All (again) diverting us away from what the real conversation should be about – and that’s where the South African blogging community is heading.

Again, this is not a 2oceansvibe bashing. I appreciate that we need diversion; I appreciate that Seth has worked really hard on his blog; it’s not my thing but that’s just me – and that’s the great thing about blogging: we can all have our ‘thing’. What I’m saying, though, is that, if we’re using the measure of happy advertisers, or most loyal readers, or even most readers, then our choices would be different. These awards shouldn’t be about blogs with the most readers. If it was, we wouldn’t be able to notice more innovative sites – that may not be raking in the cash precisely because they’re new and innovative.

I mean, surely just by looking at the awards, the people who attended the event etc, you can’t honestly say that blogging in SA is in a healthy state of diversity and growing among new audiences.

Or maybe I’m just being boring. Maybe I should just get a ‘good shag’ or go back to the ‘beach’.

28 thoughts on “The real conversation

  1. I am one of the Aggro – 2 oceans guys.
    but in all seriousness- you’re definition of what should be regarded as the “best” is slightly off colour, we are talking the Oscars vs Sundance here.
    your blog is insightfull and well thought out, kudos for that- but it’s really nothing else than sociopolitical events and dramas wrapped in your opinion and the way forward in your opinion. which is great. really.
    crap we all deal with all day long, everyday.
    Seth’s is as hollow and pointless as a coconut- but gives people a break from the normal rat race and nonsense.
    Unfortunately if you wanted this blog or any other of it’s sorts to win- you need to solve world hunger, poverty, social unrest, rasicm and corruption in general- a slightly taller order than winning the popularity contest!!

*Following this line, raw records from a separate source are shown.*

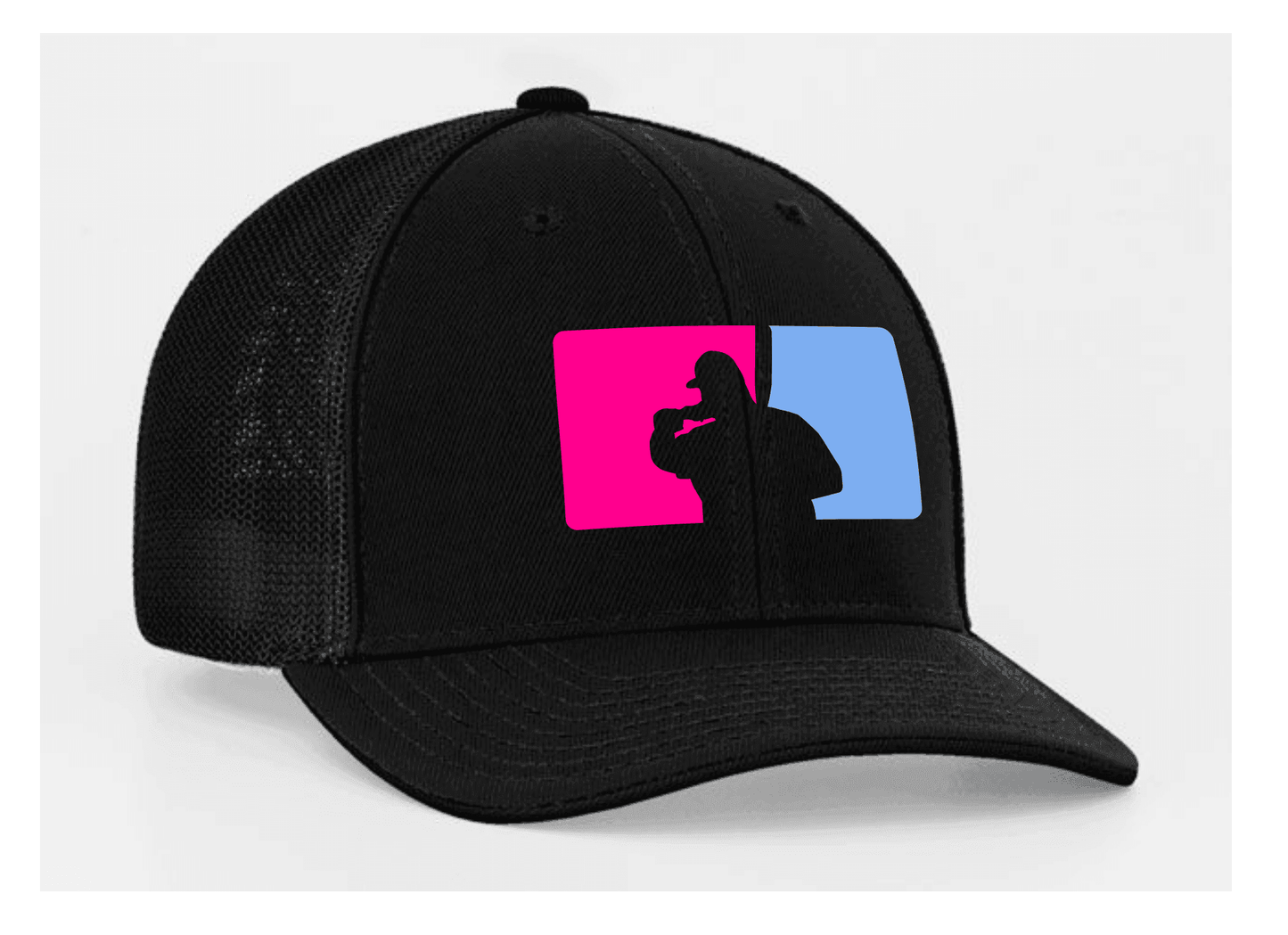 Fat Guy BP Fitted Hat - 404M (Black/Pink/Carolina) - Smash It Sports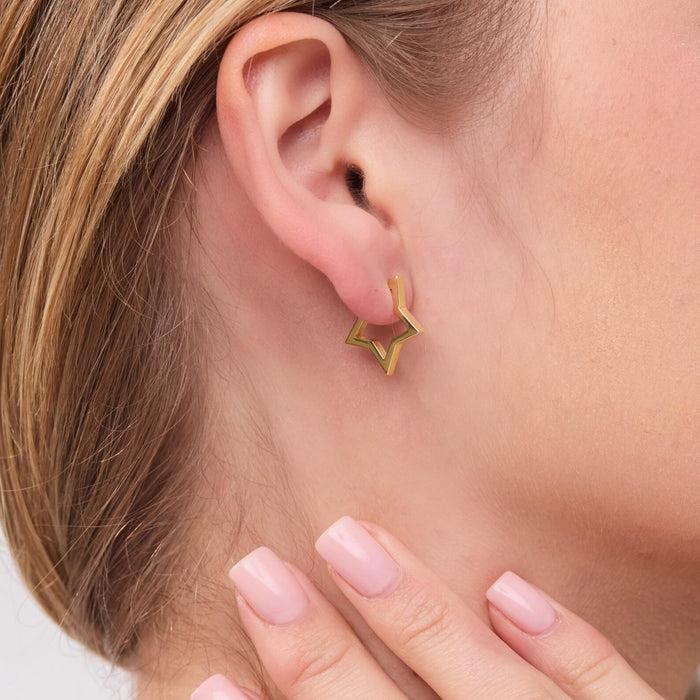 Celestial Star Huggie Hoops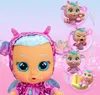 A collage of images showing a doll and its features, with numbered steps indicating how to use it. Produktbild-Vorschau
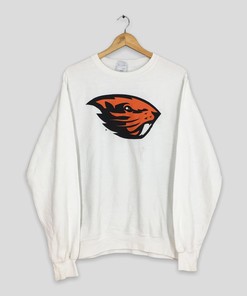 Oregon State White Sweatshirt Y2K Vintage Style Full-Size Gift For Ncaa Enthusiasts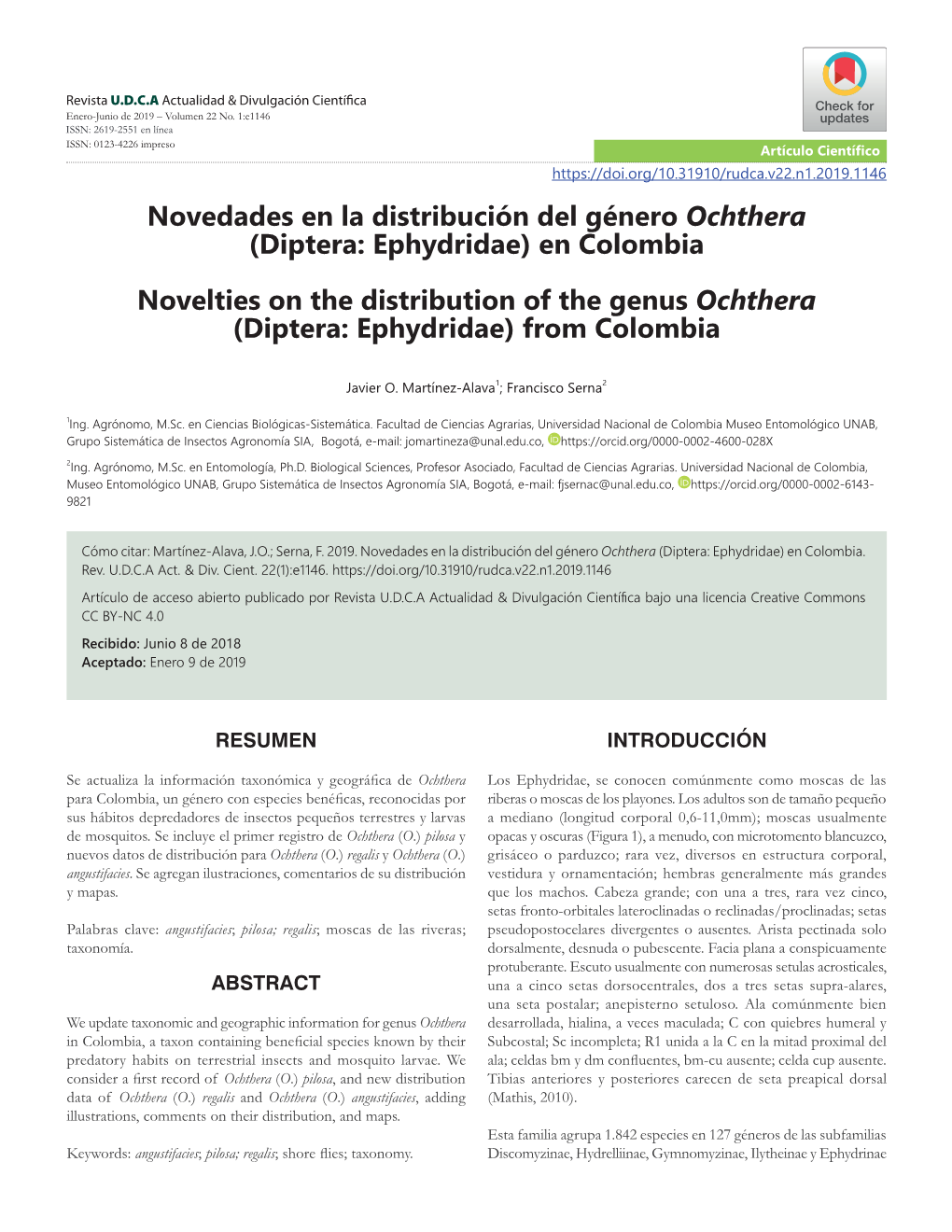 Novedades En La Distribución Del Género Ochthera (Diptera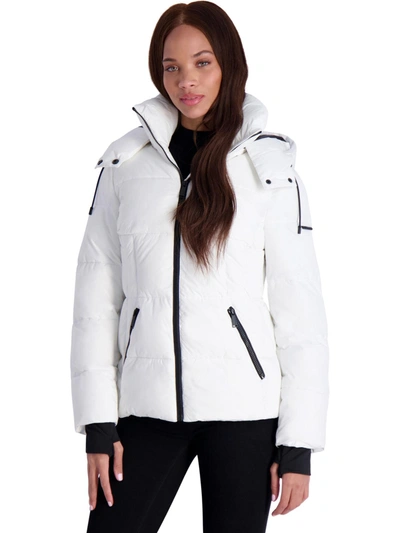Bcbgeneration Womens Quilted Insulated Puffer Jacket In White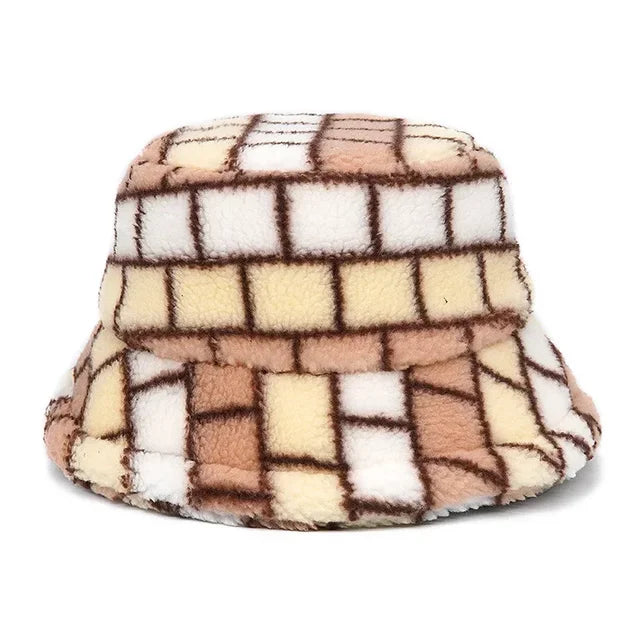 Faux Fur Checkerboard Bucket Hat - Fushia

  2. I have read both sides of the story and I am not sure you are on the right track. All I got out your post was “I think we need to distinguish between popular voted blogs and then get the judges together to discuss their choice of winners that best reflects where South Africa is right now and where it is heading ” which I understand as you want the blogs to be about politics? Or what else should I construct from your statement?

    Cheers,

    Pete

  3. Not sure I even get what your problem is with the results of the Blog Awards. There are cooking blogs, human egg donation blogs, popular mechanic blogs, political blogs and blogs like 2OceansVibe. What counts in the voting is what do people really want / enjoy – well if you don’t get it …it is ESCAPE.

    People love the pointless meandering and escapism and really are NOT VOTING for more politics and more investigative journalism.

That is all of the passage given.